### How to complete this task
Below are entries. Give back exactly the lines from the one containing "Then, there are" through the one containing "Here I am calling", inclusive, without the pictures.

(Records contained in a dataset)
########################################
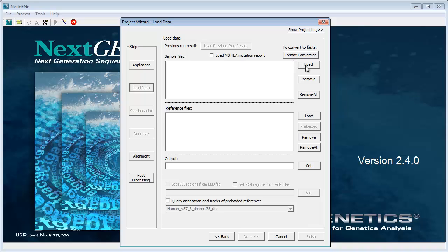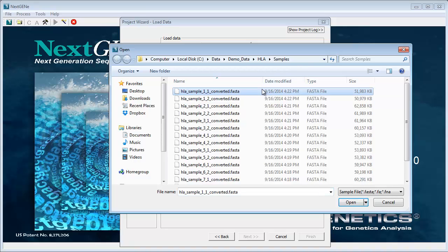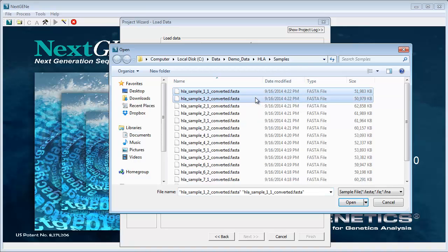Otherwise, click Load and browse to and select the sample file or files for a single sample.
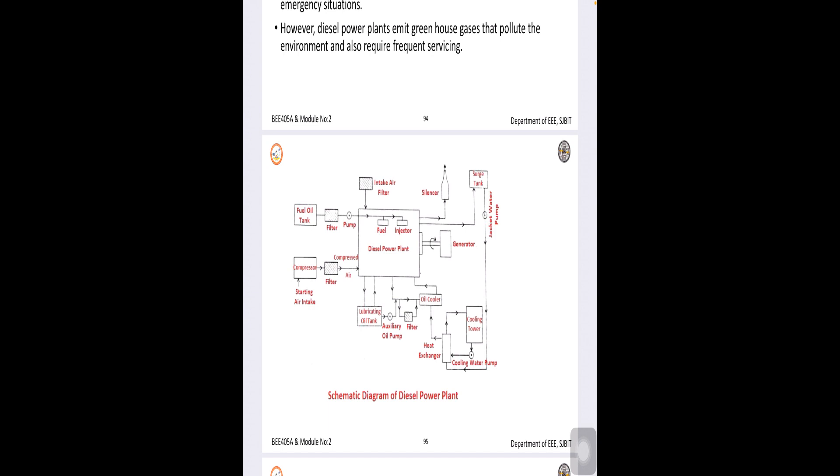Then, there are different operations like compression, exhaust, all those things will be to be completed in two cycles or one cycle depending upon type of engine.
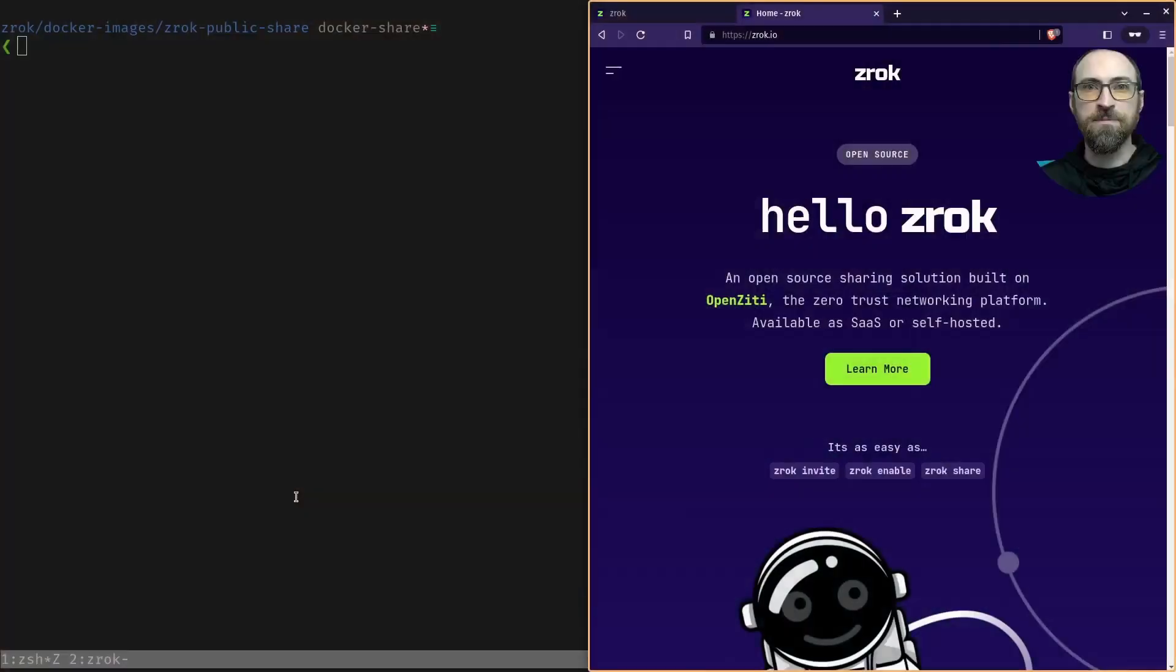Hey there, welcome back to the Zrok use case video series. I'm Ken and today we're going to talk about using Docker to create a public share. Let's dive right in.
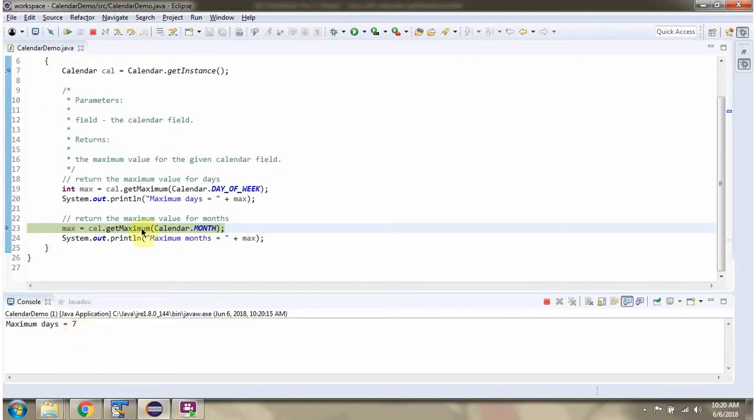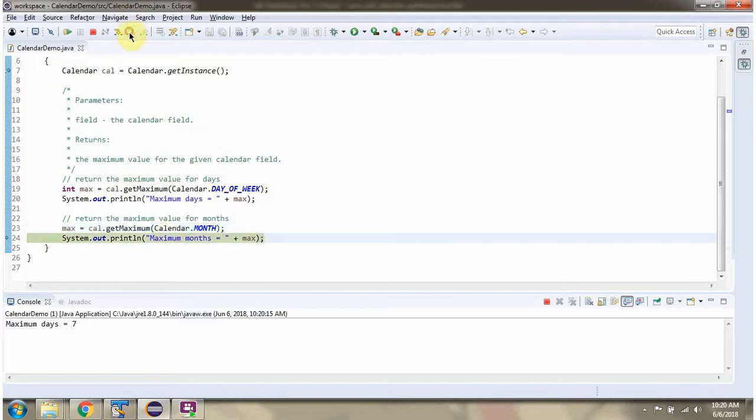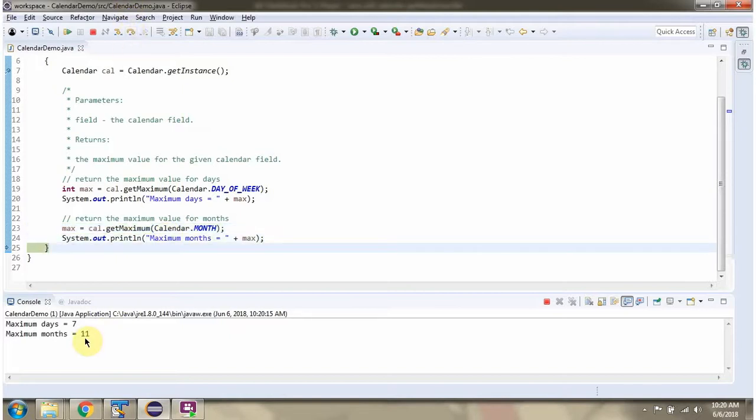Here I am calling the getMaximum method of the Calendar object again, this time passing the calendar field MONTH, and I got 11. In Calendar, month starts from 0 and ends with 11.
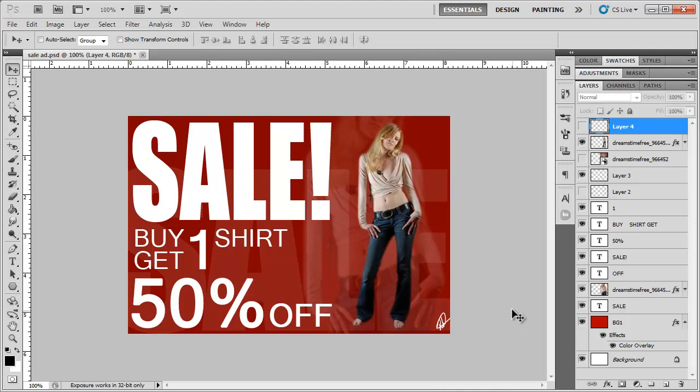Hey guys, in this tutorial I'm going to show you a little bit about working with the layers palette over here and let's get started.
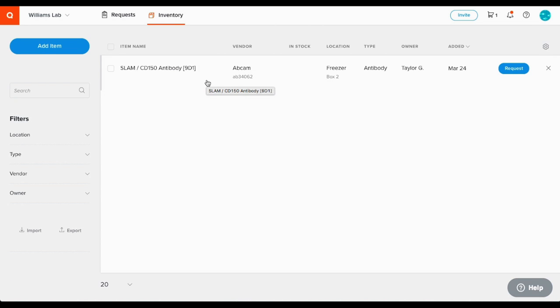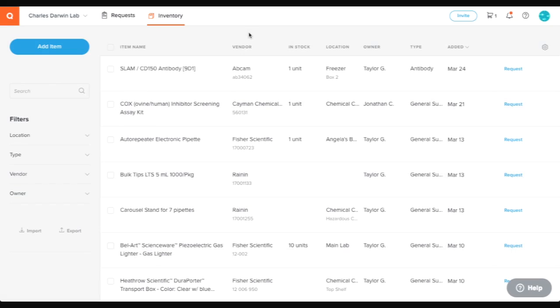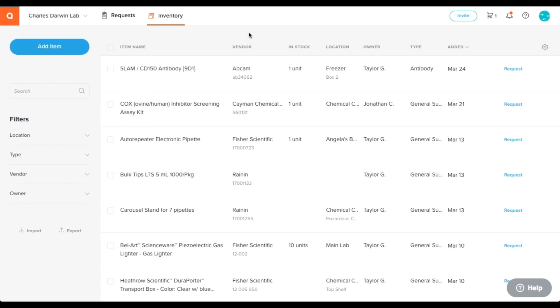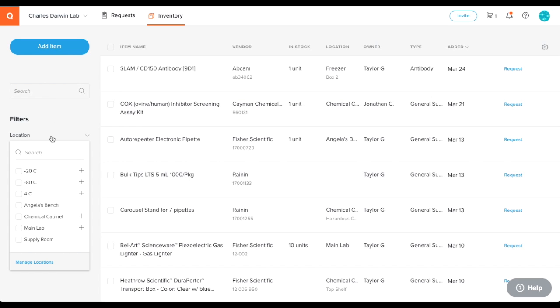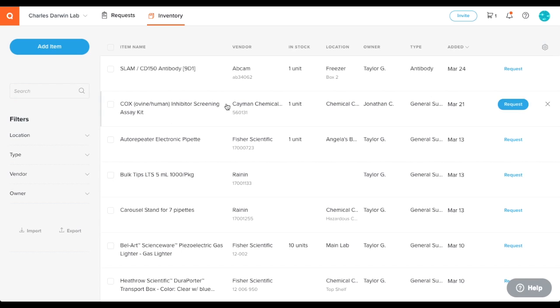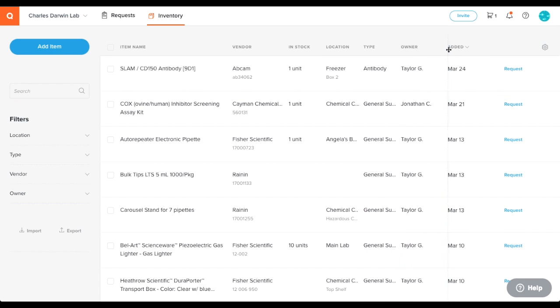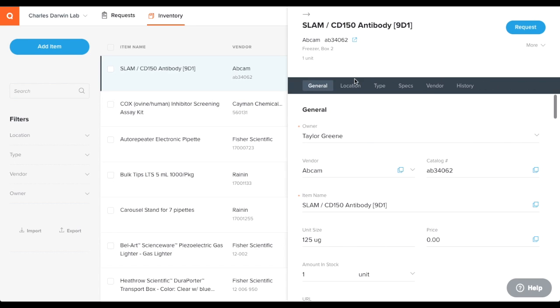Once you have items in your inventory, you can search your inventory, set filters, and even customize your view by clicking and dragging columns. If you want to edit any item, just click the item row and the details panel will appear where you can make any changes.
########################################
### Exercise response
Then, there are different operations like compression, exhaust, all those things will be to be completed in two cycles or one cycle depending upon type of engine.
Hey there, welcome back to the Zrok use case video series. I'm Ken and today we're going to talk about using Docker to create a public share. Let's dive right in.
Here I am calling the getMaximum method of the Calendar object again, this time passing the calendar field MONTH, and I got 11. In Calendar, month starts from 0 and ends with 11.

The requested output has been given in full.